Comencemos por el título. Toda una premonición que el espectador tendrá el placer de comprobar al final. En juego de polos electrizantes, que se llaman y se repelen, primero ese tono francés entre aristocrático y cabaretero, Madam, y luego esa evocación terrible y poderosa con el tono agudo de fiesta negra a la orilla del mar, Satá. Es la historia de la creación violenta de un nombre, a mitad de camino entre el descubrimiento, liberación de una fuerza salvaje, y la pura invención, juego libre del artificio. Es la composición de un cuerpo (sin órganos) en total interferencia con fuerzas irrefrenables. Fruto sincrético del instinto y la pasión.

Sí, ya me lo imagino, no entenderás nada, la lectura se vuelve un tanto confusa. ¿Qué quiero decir? Bueno, está bien, primero te aconsejo (te ruego) que mires la película. Que a esta altura sabes que se llama Madam Satá. Y luego te pido que percibas mis revelaciones que también podrán ser las tuyas. Un consejo más (prometo que es el último), no te preocupes por la psicología de los personajes. No les busques una identidad, porque no la tienen. Ya se que dije que no me proponía dar un marco de interpretación, pero te lo digo para que la disfrutes, no se trata de una trastada del inconsciente sino de la combinación estética de las fuerzas animales y los poderosos símbolos de la cultura.

Una película religiosa, pero de una religión puramente humana, esa fe ciega en la auto-creación que brota del corazón indomable del carnaval. Donde se puede ser simultánea y sucesivamente, un tempestivo malandrino y fanático admirador de la exuberante Carmen Miranda. Una película donde el cine no es sólo forma y marco sino, uno de los textos que nutre esa prodigiosa invención de la cultura popular que es el carnaval. Donde su personaje, que es más una multiplicidad de fuerzas combinatorias que un carácter, emplea el mismo fervor para acribillar de lentejuelas su vestido, pintar de celeste sus párpados, decorar con brillantina sus pómulos, contornear su figura en una danza sensual y sudorosa, darle una paliza a un parroquiano descomedido o cocer a balazos a algún desubicado.

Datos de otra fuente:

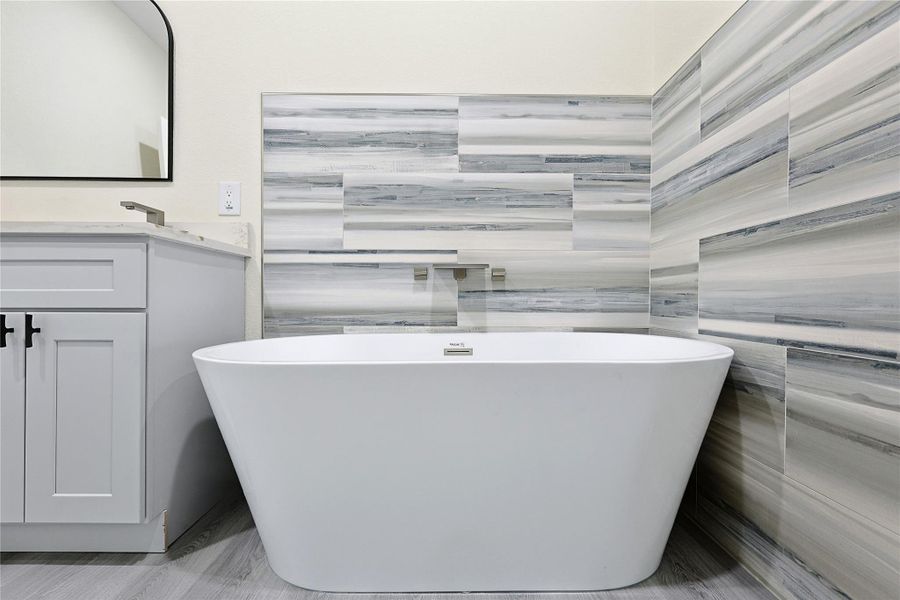 Soaking Tub Soaking Tub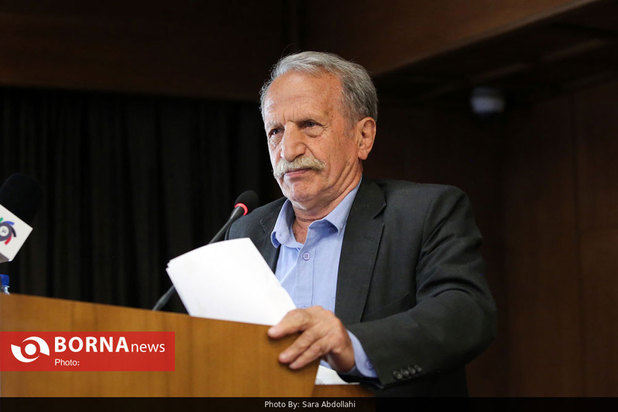 رونمایی از سردیس چهره های ماندگار ورزش ایران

Madam Satá es esa maternidad protectora y voluptuosa que pertenece más a las comadres que a las propias madres, presta a utilizar conjuros satánicos para proteger a los suyos frente a las amenazas de la vida. Pero es también la evocación de los diablos danzantes, llamados a compartir el goce de la vida. Esa gran matrona negra, chispa fulgurante que viaja desde el corazón de fuego hundiéndose en los bordes de la noche. Madam es la madama, jefa meretriz, preocupada en que cada uno tenga su placer merecido, porque como dicen los artistas, el público pagó su entrada. Satá es el impulso fluido que atemoriza a los acólitos cristianos, pues no tiene identidad, pudiendo asumir cualquier figura cuando le plazca.

La dama de noche es ese cuadrado brillante frente al cual, una o dos veces por semana, nos entregamos con ingenuidad y pasión buscando alguna figura amada, como nuestros antepasados lo hacían -y lo hacen- en torno al fuego. Madam Satá quizá sea una de sus figuras más exquisitas y salvajes.